Anti-M13 Bacteriophage, AlpSdAbs® VHH

Details and Advantages

                                                Applications:
                                                ELISA
                                            
                                                Reactivity:
                                                M13 Bacteriophage
                                            
                                                Conjugate:
                                                Unconjugated
                                            
                                                Advantages:
                                                ·High lot-to-lot consistency
·Increased sensitivity and higher affinity
·Animal-free production

Summary >

Description:
Anti-M13 Bacteriophage, AlpSdAbs® VHH is designed for detecting M13 bacteriophage specifically. Anti-M13 Bacteriophage, AlpSdAbs® VHH is based on monoclonal, recombinant, single domain antibody derived from the variable regions of heavy chain of Alpaca pacous. Based on ELISA, Anti-M13 Bacteriophage, AlpSdAbs® VHH reacts with the M13 bacteriophage selectively, no reactivity with other proteins.

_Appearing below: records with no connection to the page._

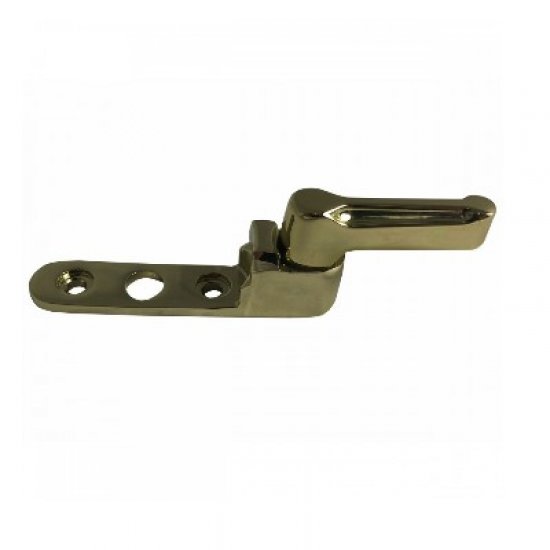 Sashstop Window Jammer
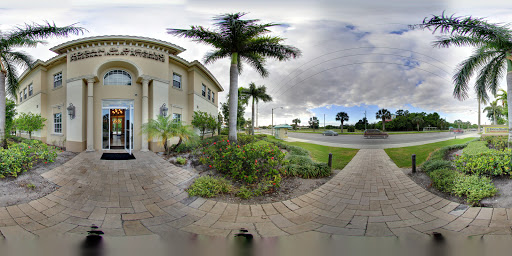 Personal Injury Attorney «Kogan & DiSalvo, P.A.», reviews and photos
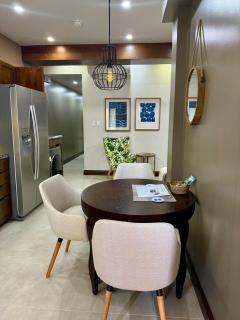 Walk the Heart of San Pedro VIVA 201 Modern 2BR - 8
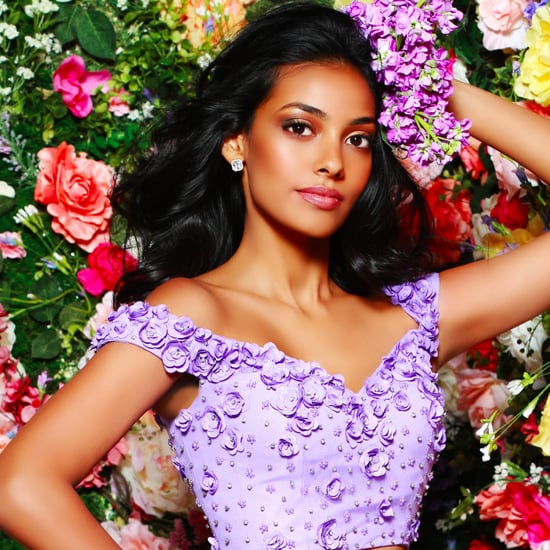 Miss Universe Beauty Tips 2017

Immunogen: Full length M13 phage coat protein
Host: Alpaca pacous
Isotype: VHH domain of alpaca IgG2b/2c
Conjugate: Unconjugated(6*his tag and one cys were added at the C terminal of the VHH)
Specificity: M13 phage coat protein, exact epitope not determined
Cross-Reactivity: Highly selective for M13 phage
Purity: Recombinant Expression and Affinity purified
Concentration: 1mg/ml
Formation: Liquid, 10mM PBS (pH 7.5), 0.05% sucrose, 0.1% trehalose, 0.01% proclin300
Storage: Store at –20 °C, (Avoid freeze / thaw cycles)

Background:
M13 is a fi¬lamentous bacteriophage composed of circular single stranded DNA (ssDNA) which is 6470 nucleotides long encapsulated in approximately 2700 copies of the major coat protein P8, and capped with 5 copies of two different minor coat proteins (P9, P6, P3) on the ends. Infection with fi¬lamentous phages is not lethal, however the infection causes turbid plaques in E. coli. It is a non-lytic virus. However a decrease in the rate of cell growth is seen in the infected cells. M13 plasmids are used for many recombinant DNA processes, and the virus has also been studied for its uses in nanostructures and nanotechnology.
The display of repertoires of antibody fragments on the surface of filamentous phage offers a new way to produce immunoreagents with defined specificities. Phage derived antibody fragments offer a number of advantages over mouse monoclonal antibodies, such as better clearance from the blood, the possibility to select from human combinatorial libraries and the relative ease by which such fragments can be manipulated. The phage display technique thus facilitates the selection of antibody fragments of therapeutic value or research interest. Antibodies to M13 filamentous phage coat proteins are instrumental in the selection and detection of phages expressing specific antibody fragments or peptide sequences at their surface.
VHH are single-domain antibodies derived from the variable regions of heavy chain of Camelidae immunoglobulin. The size of VHH is extremely small(<15KDa) compared to other forms of antibody fragment, which significantly increase the permeability of VHH. Thus VHH is considered of great value for research, diagnostics and therapeutics.

Performance >

ELISA: 1:10,000-1:50,000

Dilution factors are presented in the form of a range because the optimal dilution is a function of many factors, such as antigen density, permeability, etc. The actual dilution used must be determined empirically.